Chisora, 32, has rebuilt his career with four straight wins over fodder opposition and he’s now in the position to pretty much take his pick for nice paying fights against the likes of EBU heavyweight champion Robert Helenius (22-0, 13 KOs), British/Commonwealth strap holder Anthony Joshua (15-0, 15 KOs) and the recently beaten Dillian Whyte (16-1, 13 KOs).
If it were only so easy for other fighters in the heavyweight division to rebuild their careers after suffering similar defeats, it would be great. Kalle Sauerland, the promoter for Chisora, says he’s interested in matching him up against Helenius next for the EBU title.
“At the moment, we’re looking to go down the EBU route because he’s a mandatory challenge to Helenius but there are some big domestic fights to be had, too,” Sauerland said to skysports.com. “There is the Anthony Joshua fight and the Dillian Whyte fight. Both those guys put on a great show when they fought each other.”
Instead of wasting time looking to face Helenius in a smaller money fight, Chisora and Sauerland should be trying to get a fight against Joshua if it’s there. The money for a fight like that has got to be much better than a rematch with Helenius. We’re probably talking about the Joshua-Chisora fight winding up on Sky Box Office pay-per-view, as that seems to be the route that Eddie Hearn is going to be taking Joshua from now on with most of his fights. Joshua’s recent fight against Whyte brought in a massive amount of pay-per-view buys in bringing in over 400,000 buys.
Chisora fought on the undercard of the Joshua-Whyte fight and easily defeating little known fighter Jakov Gospic by a 3rd round knockout.
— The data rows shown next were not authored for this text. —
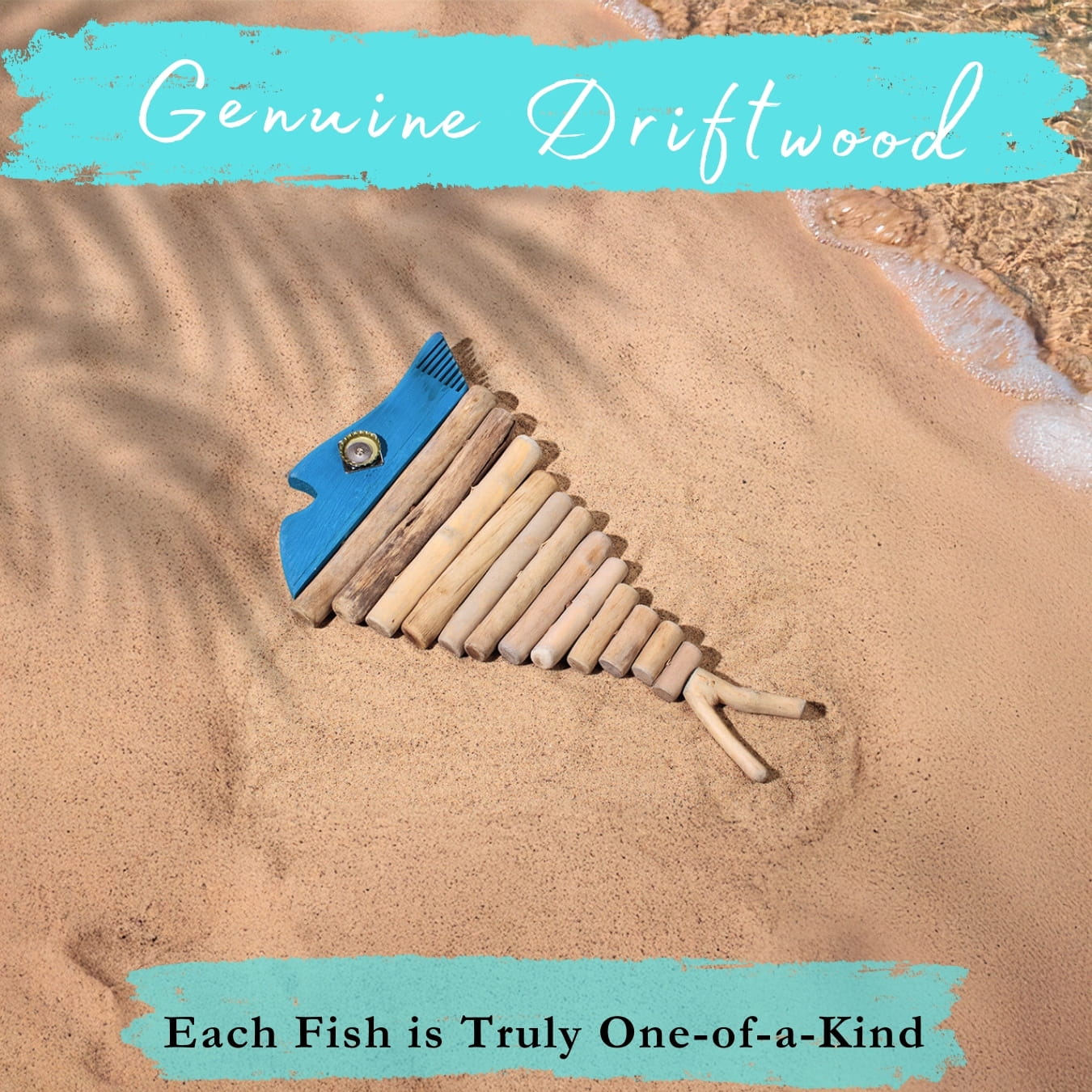 Handmade Driftwood Fish - BLU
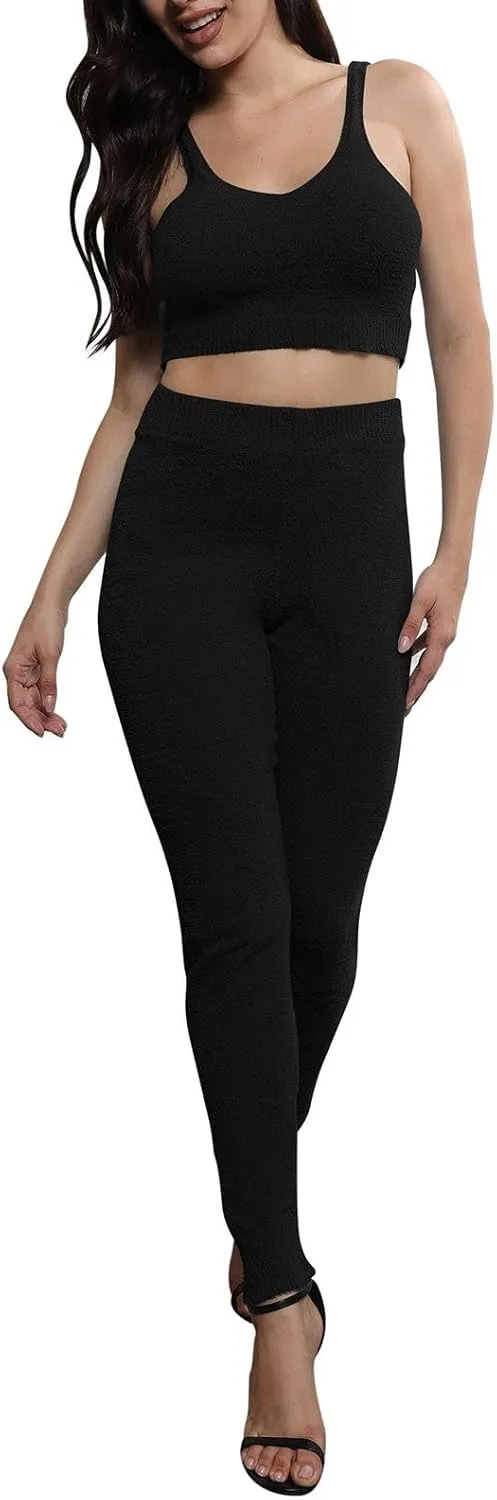 Women's Fleece 3 Pc Teddy Loungewear Spaghetti Strap Crop Tank Wide Long Pants Fuzzy Kimono Cozy Sweatsuit Set Light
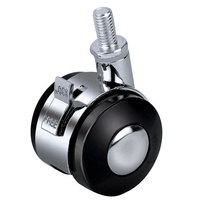 Petites roulettes à billes noires en nylon de 40mm pour meubles 2 pouces en caoutchouc PU PVC TPR PP-Quincaillerie industrielle avec fonction pivotante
Chisora looked like he was in a sparring exhibition, as he fought at a snail’s pace in the fight.
It was embarrassing to watch, as it was such a horrible, horrible mismatch. For a fighter as far along in his career as the 32-year-old Chisora is, it just a dreadful match-up. It’s like someone in college suddenly being put back in grade school classroom so that they can ace a test. It made no sense for Chisora to be matched so weakly, but that seems to be how he’s been being matched up ever since his loss to Fury last year. I mean, we saw the saw terrible matchmaking done for Chisora after his loss to David Haye in 2012. Chisora was matched against five fodder opponents for easy wins before facing Fury in a WBO title eliminator in 2014.
Chisora is surprisingly the mandatory challenger for Helenius for his EBU title. Helenius recently won the EBU title with a 12 round decision win over Franz Rill on December 19th, at the Harwall Arena in Helsinki, Finland. Chisora lost to Helenius by a controversial 12 round split decision four years ago in December 2011 in a fight that took place in Helsinki, Finland.
Helenius fought one-handed for most of the fight and had problems with the pressure that was put on him by Chisora. A rematch between them would very likely take place in Helsinki once again, so it would be an equally tough fight for Chisora to win. He might need a knockout to get the victory.
Nevertheless, it would definitely be a tougher fight for Chisora than the first fight unless Helenius suffers another freak injury. An uninjured Helenius would be a tough fight for Chisora, because he would have to eat hard right hands all night long.
“Whether that’s a fight for Chisora next year, we’ll take it step by step but first of all we want to get that revenge against Helenius,” Sauerland said.
I’d personally like to see Chisora face Whyte next, as long as Whytes surgically repaired left shoulder is fully healed and rehabbed. If Whyte is 100 percent back from his shoulder injury, I think it would be interesting to see him face Chisora. When healthy, I think Whyte is a better version of Chisora. He’s like a next level Chisora. I would like to see Whyte bouncing his big left hooks off the chin of Chisora to see how he holds up.